____ PROVIDED DATA

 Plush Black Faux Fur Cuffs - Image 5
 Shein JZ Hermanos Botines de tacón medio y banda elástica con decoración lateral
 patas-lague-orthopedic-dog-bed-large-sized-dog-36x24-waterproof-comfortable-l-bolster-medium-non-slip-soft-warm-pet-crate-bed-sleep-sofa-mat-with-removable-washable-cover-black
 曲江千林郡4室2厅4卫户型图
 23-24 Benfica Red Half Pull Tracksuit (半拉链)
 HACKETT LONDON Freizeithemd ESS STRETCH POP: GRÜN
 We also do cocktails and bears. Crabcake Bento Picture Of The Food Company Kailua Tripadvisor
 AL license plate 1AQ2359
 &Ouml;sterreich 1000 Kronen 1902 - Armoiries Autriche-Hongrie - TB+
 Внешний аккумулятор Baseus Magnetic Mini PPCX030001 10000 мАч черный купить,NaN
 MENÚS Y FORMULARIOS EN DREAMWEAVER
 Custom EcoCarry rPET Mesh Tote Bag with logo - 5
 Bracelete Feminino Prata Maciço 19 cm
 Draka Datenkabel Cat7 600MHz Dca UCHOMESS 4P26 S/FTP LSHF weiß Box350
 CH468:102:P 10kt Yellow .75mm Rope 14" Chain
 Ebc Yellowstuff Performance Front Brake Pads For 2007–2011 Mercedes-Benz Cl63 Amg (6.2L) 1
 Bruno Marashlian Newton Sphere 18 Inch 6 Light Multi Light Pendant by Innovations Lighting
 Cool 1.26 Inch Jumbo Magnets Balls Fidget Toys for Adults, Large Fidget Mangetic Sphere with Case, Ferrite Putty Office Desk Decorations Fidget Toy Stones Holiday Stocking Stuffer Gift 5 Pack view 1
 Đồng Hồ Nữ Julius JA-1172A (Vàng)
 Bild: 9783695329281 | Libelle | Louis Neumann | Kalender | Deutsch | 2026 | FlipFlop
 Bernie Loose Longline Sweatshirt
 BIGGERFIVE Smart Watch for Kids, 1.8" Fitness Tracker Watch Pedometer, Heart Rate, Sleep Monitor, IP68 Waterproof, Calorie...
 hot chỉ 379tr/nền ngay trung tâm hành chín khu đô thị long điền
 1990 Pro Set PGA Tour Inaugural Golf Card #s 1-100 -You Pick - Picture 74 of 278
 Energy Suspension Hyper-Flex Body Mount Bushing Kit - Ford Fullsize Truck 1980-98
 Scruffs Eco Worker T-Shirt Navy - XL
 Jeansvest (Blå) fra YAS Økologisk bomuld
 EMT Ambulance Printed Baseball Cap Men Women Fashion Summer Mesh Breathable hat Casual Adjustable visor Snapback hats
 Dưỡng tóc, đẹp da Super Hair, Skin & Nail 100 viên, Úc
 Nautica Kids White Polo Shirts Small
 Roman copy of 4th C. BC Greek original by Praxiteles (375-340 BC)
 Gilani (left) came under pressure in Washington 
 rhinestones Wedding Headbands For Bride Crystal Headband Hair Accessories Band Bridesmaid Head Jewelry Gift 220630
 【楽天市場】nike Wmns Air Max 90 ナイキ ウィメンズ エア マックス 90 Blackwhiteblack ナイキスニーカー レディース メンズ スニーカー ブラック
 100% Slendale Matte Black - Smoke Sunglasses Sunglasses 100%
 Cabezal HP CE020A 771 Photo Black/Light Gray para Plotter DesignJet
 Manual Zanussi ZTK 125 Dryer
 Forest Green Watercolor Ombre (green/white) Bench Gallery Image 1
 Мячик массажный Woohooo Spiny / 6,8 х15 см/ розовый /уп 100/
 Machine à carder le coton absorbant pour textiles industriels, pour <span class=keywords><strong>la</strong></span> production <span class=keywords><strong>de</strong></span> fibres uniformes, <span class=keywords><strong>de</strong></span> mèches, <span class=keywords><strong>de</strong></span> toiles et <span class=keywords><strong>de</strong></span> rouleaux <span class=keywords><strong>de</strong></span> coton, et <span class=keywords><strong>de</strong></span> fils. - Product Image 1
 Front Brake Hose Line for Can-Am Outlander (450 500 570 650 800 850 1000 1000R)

________

WORK TO BE COMPLETED:
Quote the data above verbatim from its first line to the line that includes "Đồng Hồ Nữ Julius JA-1172A (Vàng)", with both boundary lines retained.

TASK ANSWER:
 Plush Black Faux Fur Cuffs - Image 5
 Shein JZ Hermanos Botines de tacón medio y banda elástica con decoración lateral
 patas-lague-orthopedic-dog-bed-large-sized-dog-36x24-waterproof-comfortable-l-bolster-medium-non-slip-soft-warm-pet-crate-bed-sleep-sofa-mat-with-removable-washable-cover-black
 曲江千林郡4室2厅4卫户型图
 23-24 Benfica Red Half Pull Tracksuit (半拉链)
 HACKETT LONDON Freizeithemd ESS STRETCH POP: GRÜN
 We also do cocktails and bears. Crabcake Bento Picture Of The Food Company Kailua Tripadvisor
 AL license plate 1AQ2359
 &Ouml;sterreich 1000 Kronen 1902 - Armoiries Autriche-Hongrie - TB+
 Внешний аккумулятор Baseus Magnetic Mini PPCX030001 10000 мАч черный купить,NaN
 MENÚS Y FORMULARIOS EN DREAMWEAVER
 Custom EcoCarry rPET Mesh Tote Bag with logo - 5
 Bracelete Feminino Prata Maciço 19 cm
 Draka Datenkabel Cat7 600MHz Dca UCHOMESS 4P26 S/FTP LSHF weiß Box350
 CH468:102:P 10kt Yellow .75mm Rope 14" Chain
 Ebc Yellowstuff Performance Front Brake Pads For 2007–2011 Mercedes-Benz Cl63 Amg (6.2L) 1
 Bruno Marashlian Newton Sphere 18 Inch 6 Light Multi Light Pendant by Innovations Lighting
 Cool 1.26 Inch Jumbo Magnets Balls Fidget Toys for Adults, Large Fidget Mangetic Sphere with Case, Ferrite Putty Office Desk Decorations Fidget Toy Stones Holiday Stocking Stuffer Gift 5 Pack view 1
 Đồng Hồ Nữ Julius JA-1172A (Vàng)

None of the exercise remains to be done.